The Wonders of the Moon
A famous poet named John Keats wrote a poem that included the moon. It because so popular that it has lasted hundreds of years. The poem tells the story of a shepherd-prince from Greek mythology who was loved by the Titan moon goddess, Selene. One of the lines from the poem says: “A thing of beauty is a joy forever.” The moon or “Luna” is actually a satellite that orbits the planet Earth and is the fifth largest natural satellite in the entire solar system. But what you may not know is that without the Moon, the Earth would really be lost.
The Moon: It’s a Big Deal
We all know tales of the man in the moon and real-life adventures of astronauts who traveled to the moon, such as Neil Armstrong and Buzz Aldrin, but there is much more to learn. The moon is Earth’s only natural satellite and was formed over four billion years ago. It is the pull between the moon and the Earth that keeps our little blue planet from spinning off into space. That’s why the moon is incredibly important to the Earth’s wellbeing. Scientists and poets alike have always been interested by the phases of the moon and its pull on the Earth. This pull, called gravity, also controls ocean tides and the length of days. Neil Armstrong was the first man to walk on the moon on July 21st, 1969, during the Apollo 11 mission.

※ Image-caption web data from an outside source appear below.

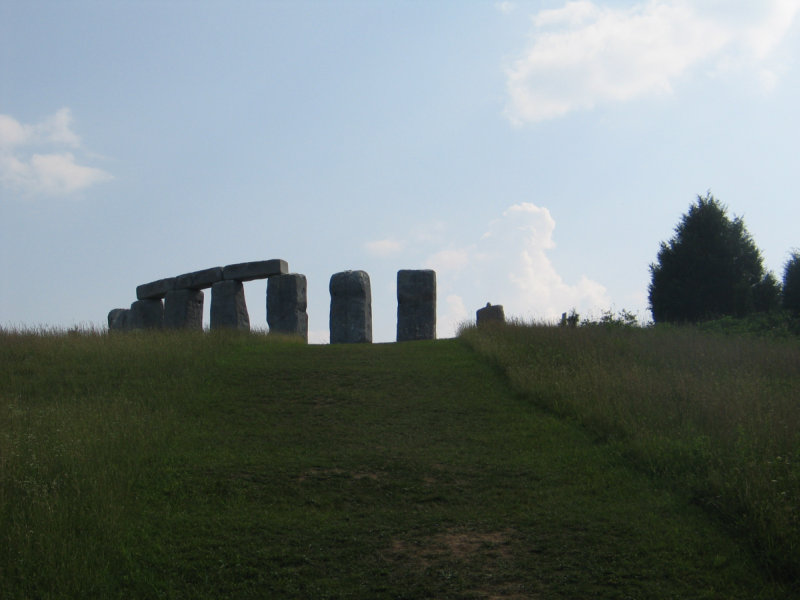 Walking up on Foamhenge.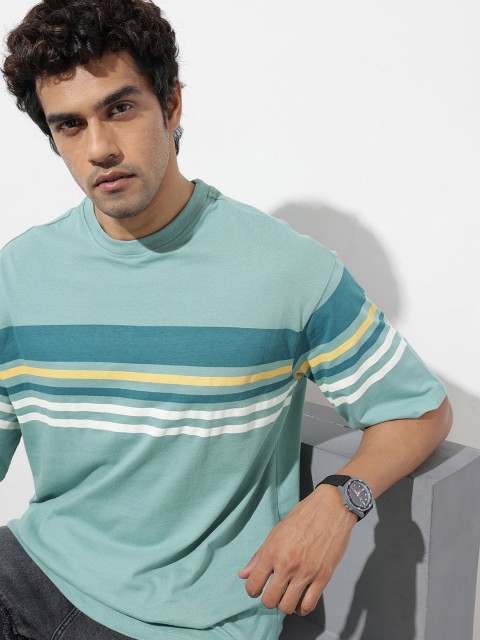 The Roadster Life Co. Pure Cotton Striped Relaxed Fit T-shirt
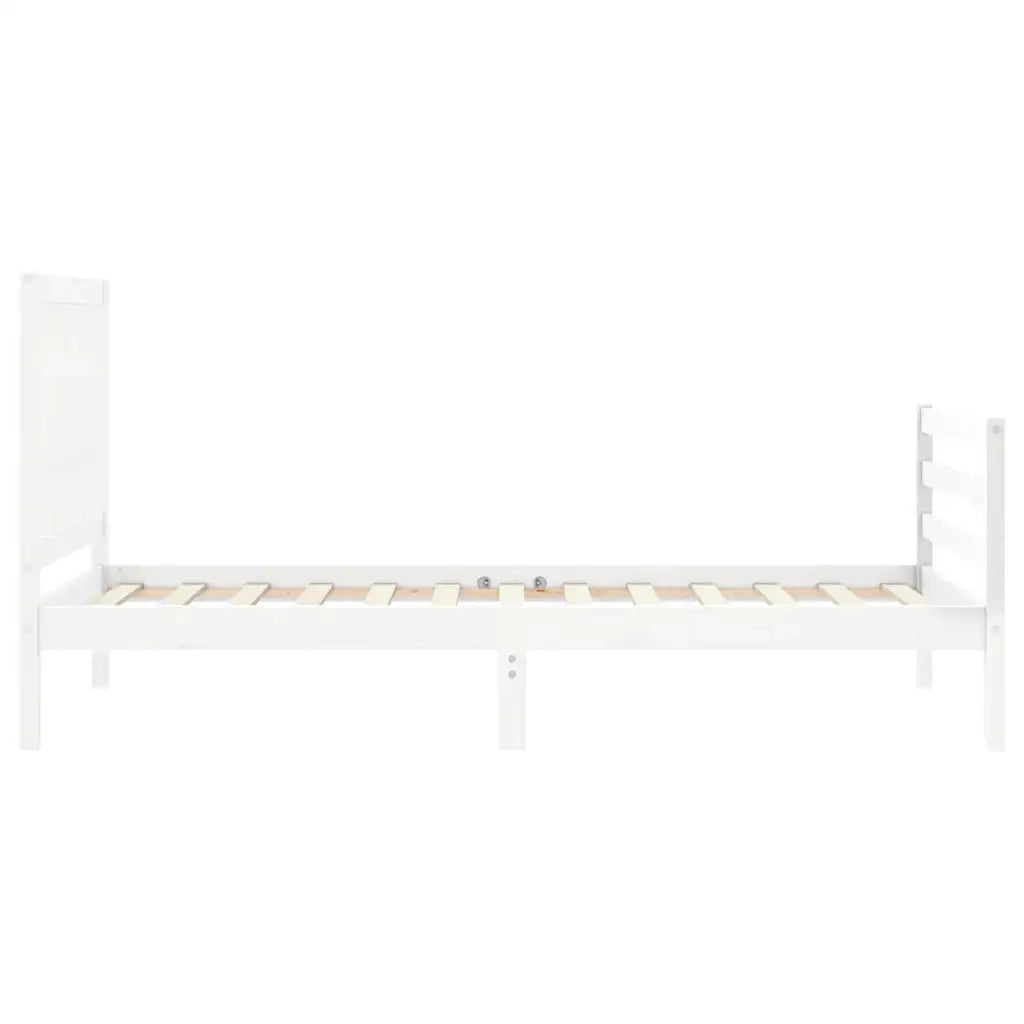 Giroletto con Testiera-Struttura Letto con testiera Bianco Single in Legno Massello 117774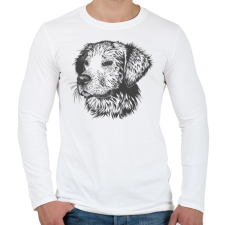 PRINTFASHION Kutya  - Férfi hosszú ujjú póló - Fehér férfi póló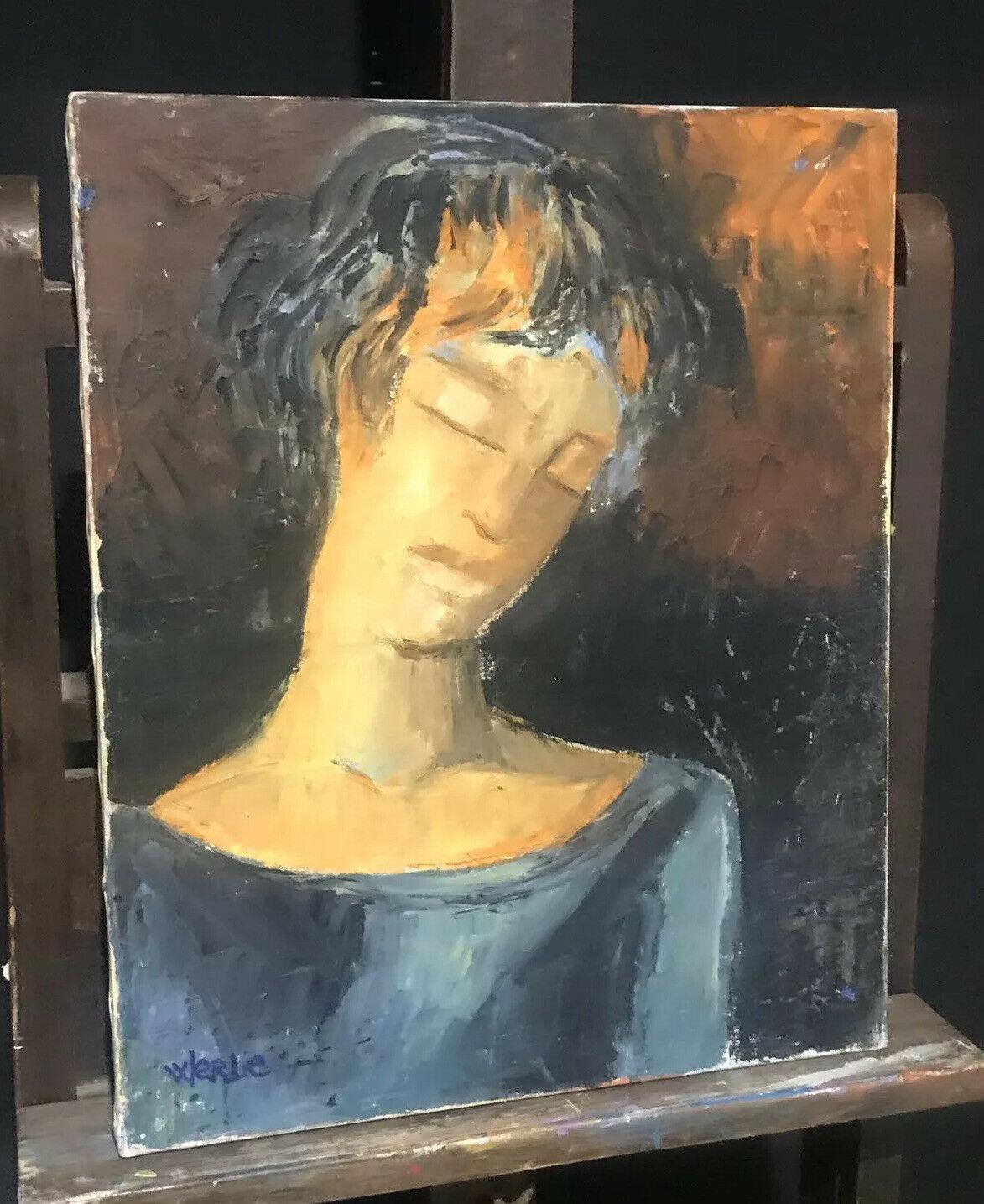 BEATRICE WERLIE (1974) ÓLEO FRANCÉS FIRMADO - CABEZA Y HOMBROS RETRATO DE FIGURA en venta 2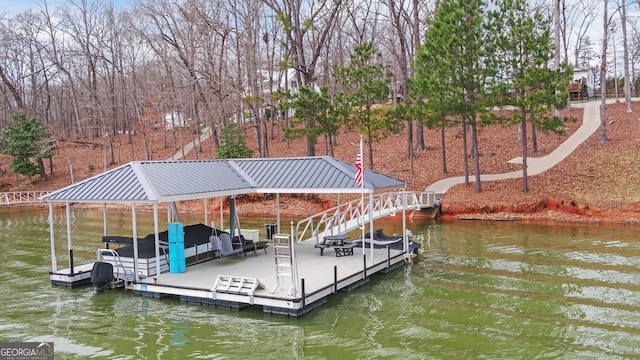 dock area featuring a water view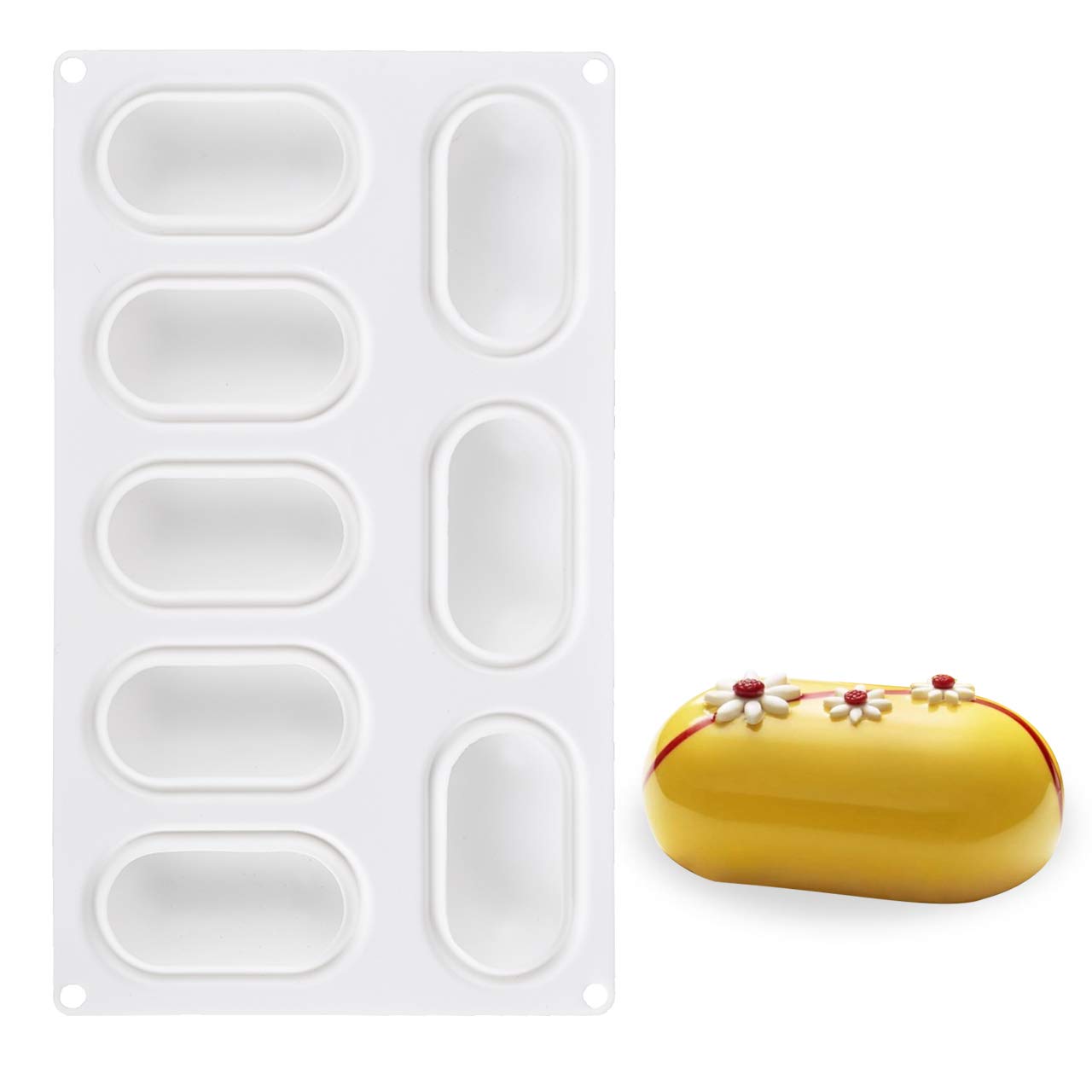 Aichef Silicone Mousse Molds 3d Pillow Shaped Non Stick Bake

This feat was watched by 500 million people worldwide and was a symbol of hope, a promise of discovery.
Studying the Moon
Whether we’re looking through a telescope or simply viewing the magnificent moon with a naked eye, we see boundless light and wonder. Galileo drew one of the first telescopic images of the moon in 1609 and stated that it was not smooth but had craters (the moon was thought to be smooth during the Middle Ages). Much has been learned and explored since then, but some things never change: wolves tilt their heads and howl at a full moon, and we gaze ceaselessly in awe.